▶ [DATA]
***

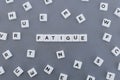 Fatigue word made of square letter word on grey background
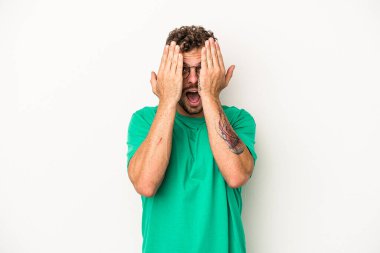 Beyaz arka planda izole edilmiş genç beyaz bir adam yüzünün yarısını palmiye ile örterek eğleniyor..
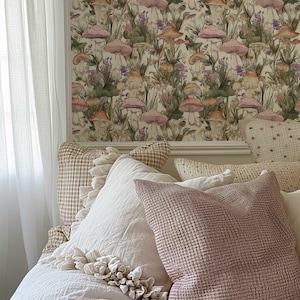 May include: A bedroom with a white bed and pillows. The wall behind the bed is covered in wallpaper with a mushroom and floral pattern.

***

▶ [PROBLEM TO WORK ON]
Give back the material above exactly as it appears, minus any picture.

▶ [SOLUTION TO THE PROBLEM]
 Fatigue word made of square letter word on grey background
 Beyaz arka planda izole edilmiş genç beyaz bir adam yüzünün yarısını palmiye ile örterek eğleniyor..
 May include: A bedroom with a white bed and pillows. The wall behind the bed is covered in wallpaper with a mushroom and floral pattern.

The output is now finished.